Short descriptive text snippets:
..........

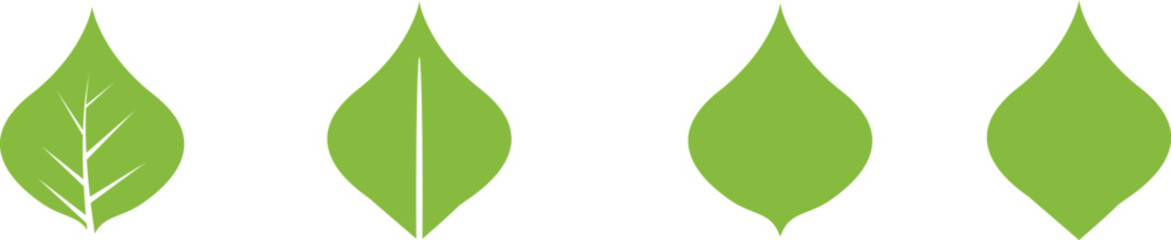Set of green leaf icons. Leaf Shapes Collection ecology nature element eco, bio, Environment, vegan labels flat vector. Trees and plants Leaves isolated on transparent background.
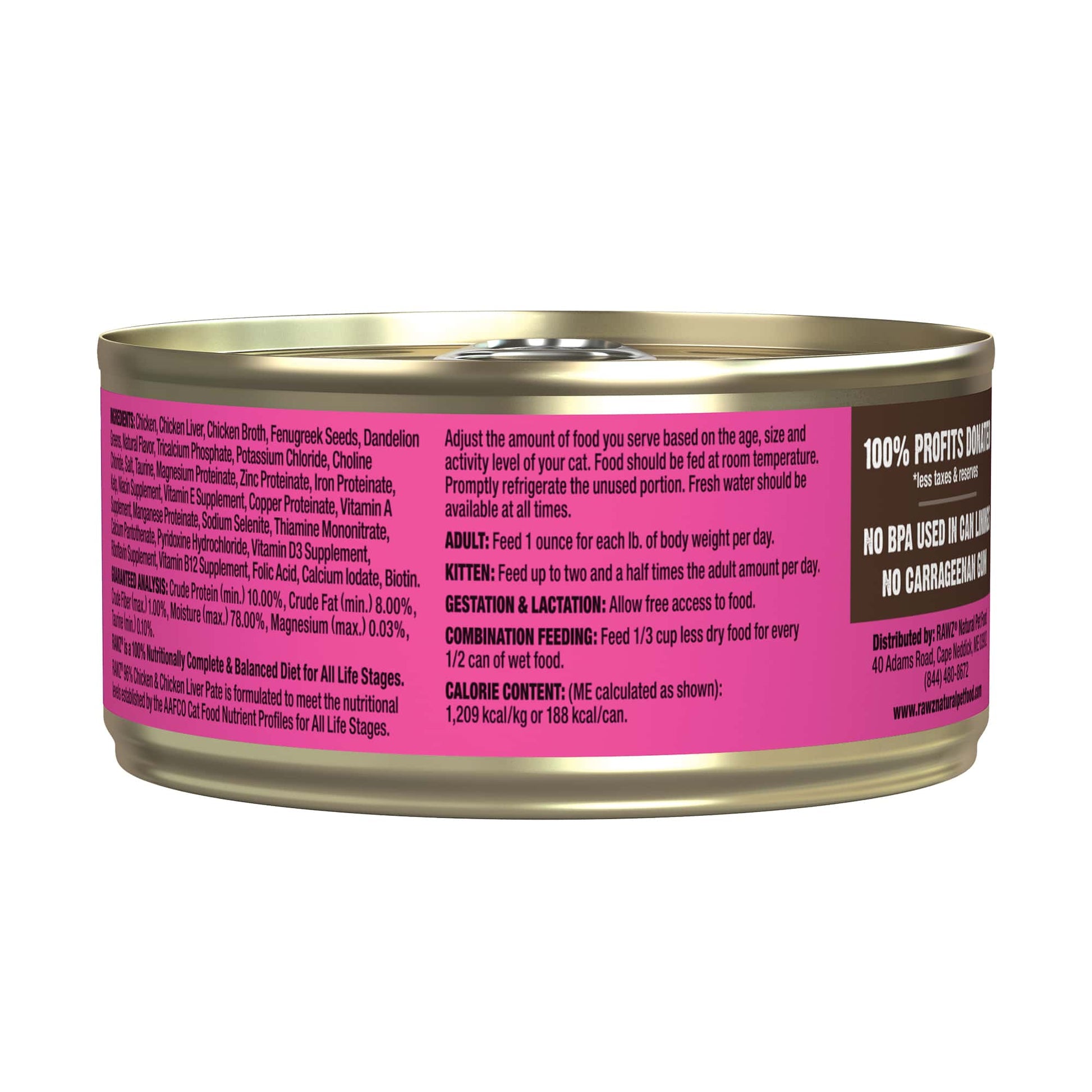 Rawz 96% chicken & chicken liver pate wet canned cat food 3oz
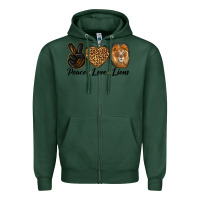 Sports Green Peace Love Lion Head Zipper Hoodie - LillyAllenDesigns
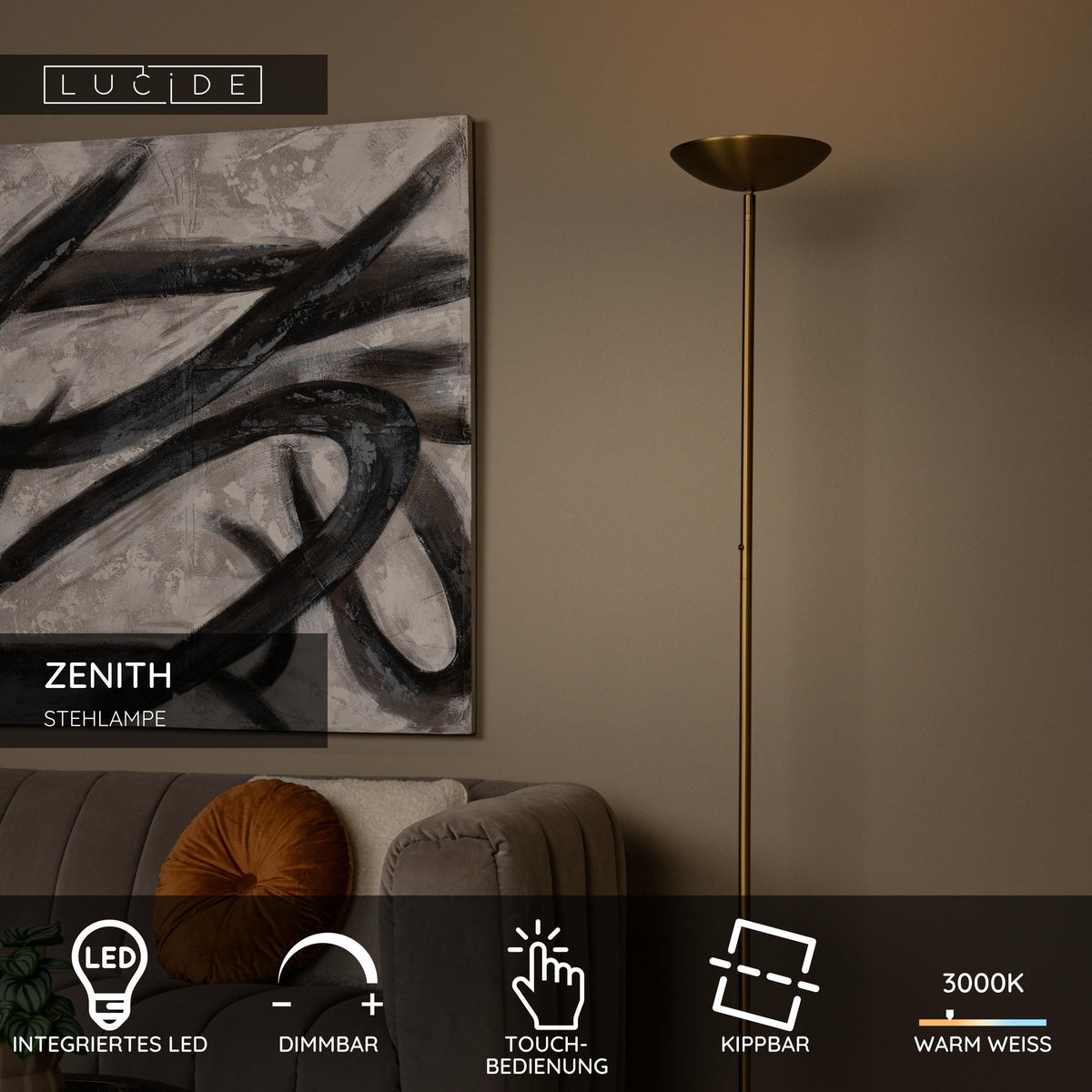 LED-Stehleuchte Zenith schwenkbar mit Touchdimmer (6)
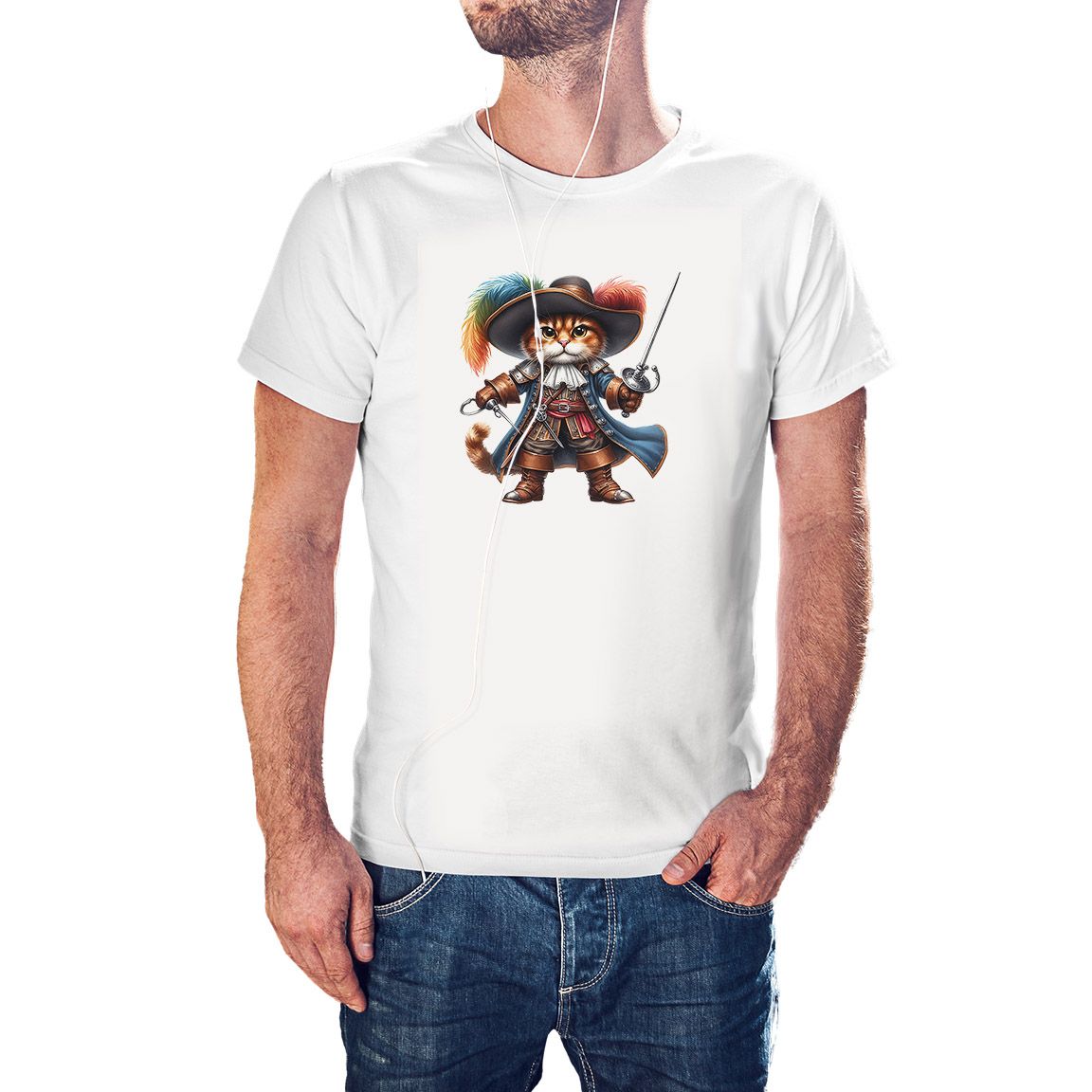 Camiseta El Gato con Botas color blanco Camiseta El Gato con Botas color blanco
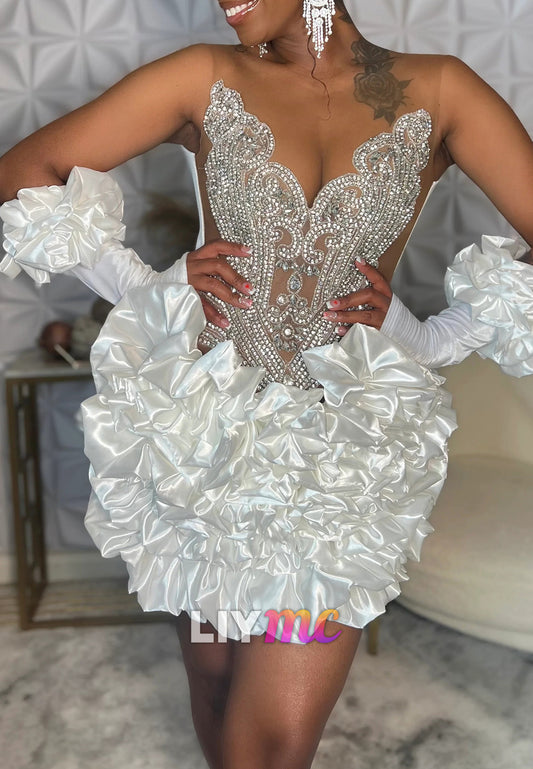 V-Neck Sleeveless Beaded Ruffled A-Line Homecoming Dress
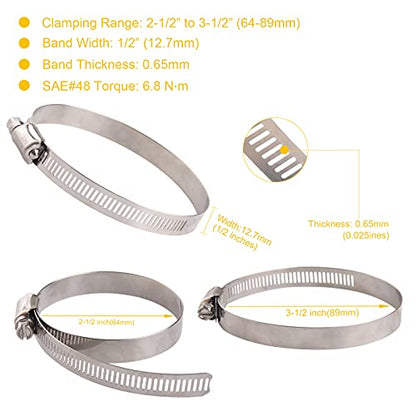 WINL 3 Inch Stainless Steel Hose Clamps- 10 Pack SAE 48 Worm Gear Drive Hose Clamps Clamping Range 2 1/2 Inch to 3 1/2 Inch (64mm-89mm) for Automotive Plumbing, 2 3/4'', 3 1/4'' - size: SAE#48 ( 2-1/2" ~ 3-1/2" )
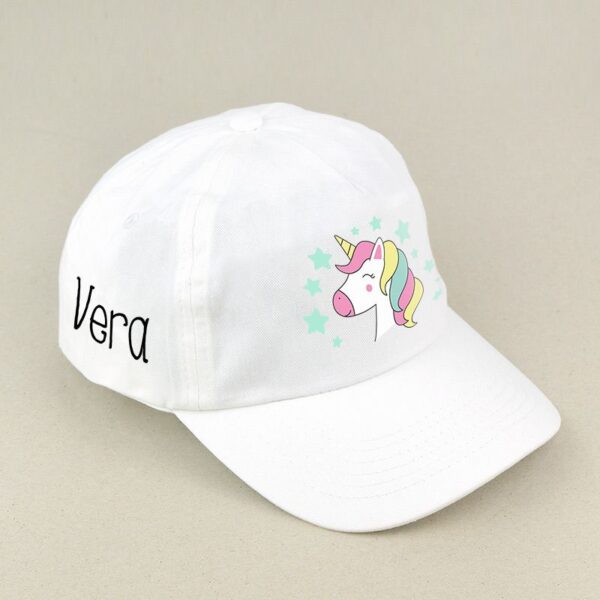 Gorra infantil unicornio blanca personalizada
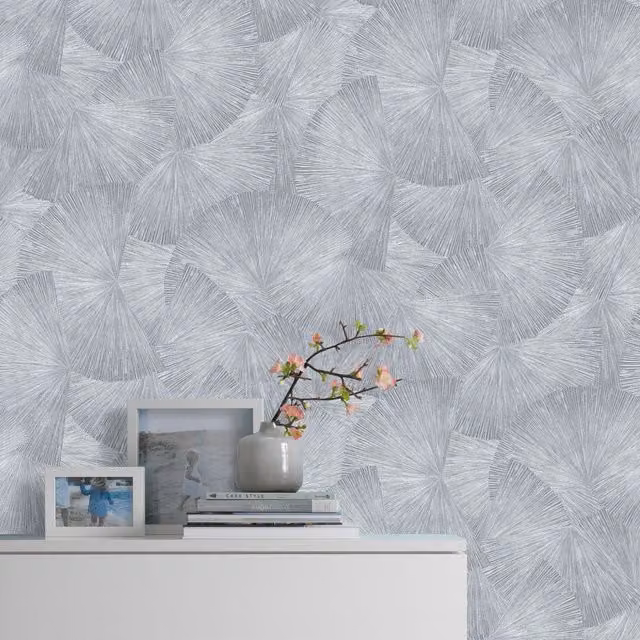 Erismann Japandi Silver Metallic Botanical Floral Vinyl Wallpaper Roll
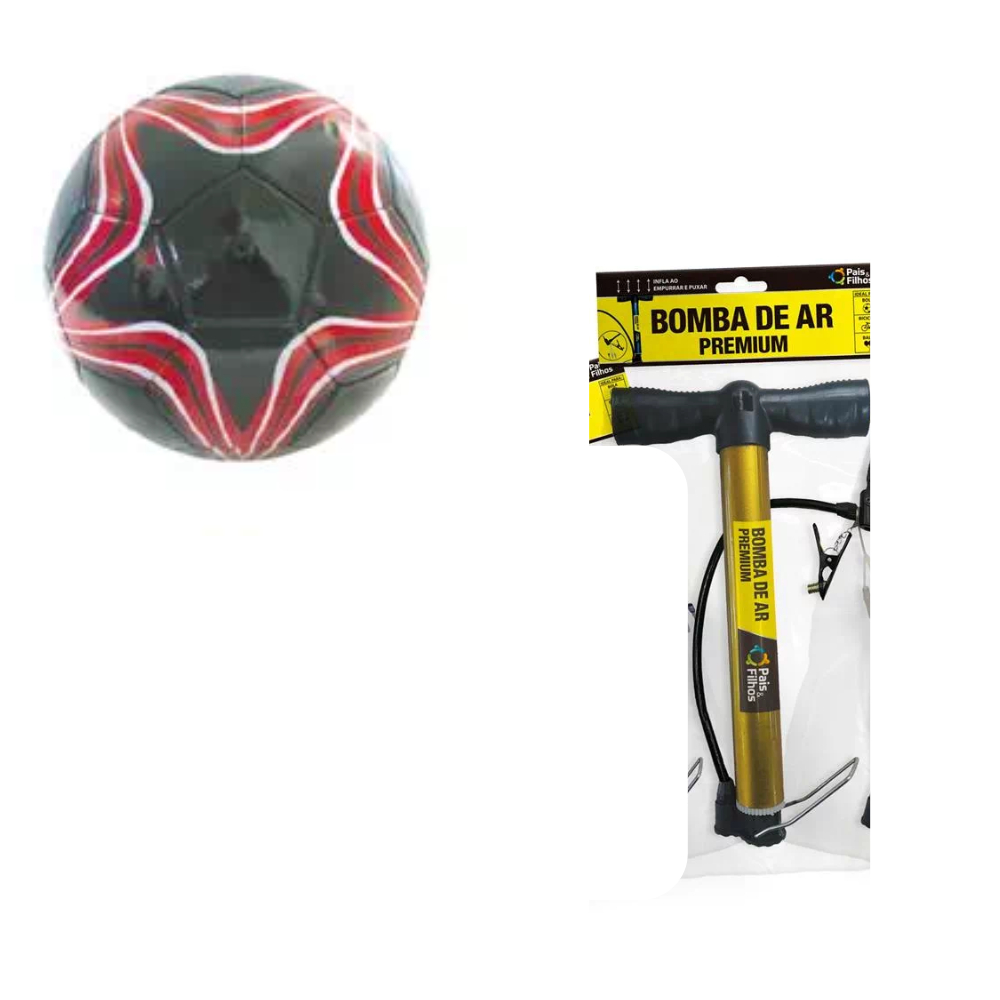 Kit Futebol Campo Pais & Filhos Bola + Bomba de Ar Manual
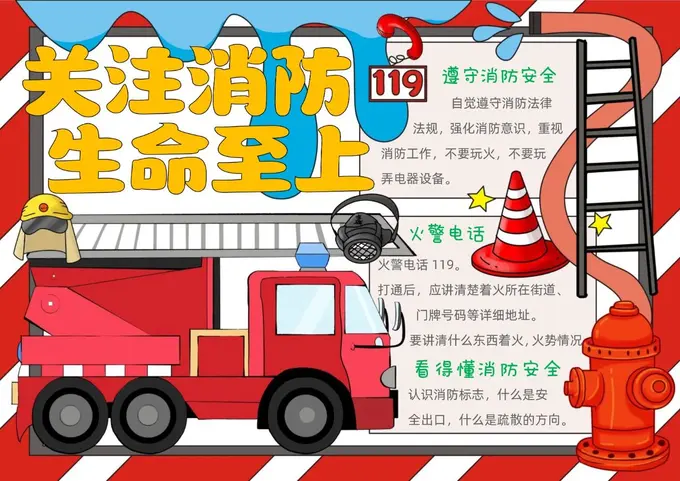 150张高清消防安全手抄报模板，高清可打印图片 4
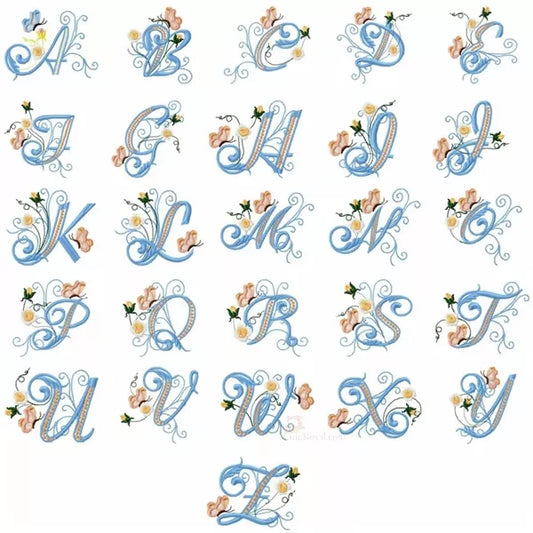 Alphabet complet majuscule A-Z - Lettre avec mini fleurs roses délicates et papillon - Motif de broderie machine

..........

■ **YOUR TASK**
Starting at the line above that holds "Rawz 96% chicken", repeat every line exactly down to and including the line that holds "V-Neck Sleeveless Beaded", then stop. Do not carry over any pictures.

■ **ANSWER FOR THIS EXERCISE**
 Rawz 96% chicken & chicken liver pate wet canned cat food 3oz
 Sports Green Peace Love Lion Head Zipper Hoodie - LillyAllenDesigns
 LED-Stehleuchte Zenith schwenkbar mit Touchdimmer (6)
 Camiseta El Gato con Botas color blanco Camiseta El Gato con Botas color blanco
 V-Neck Sleeveless Beaded Ruffled A-Line Homecoming Dress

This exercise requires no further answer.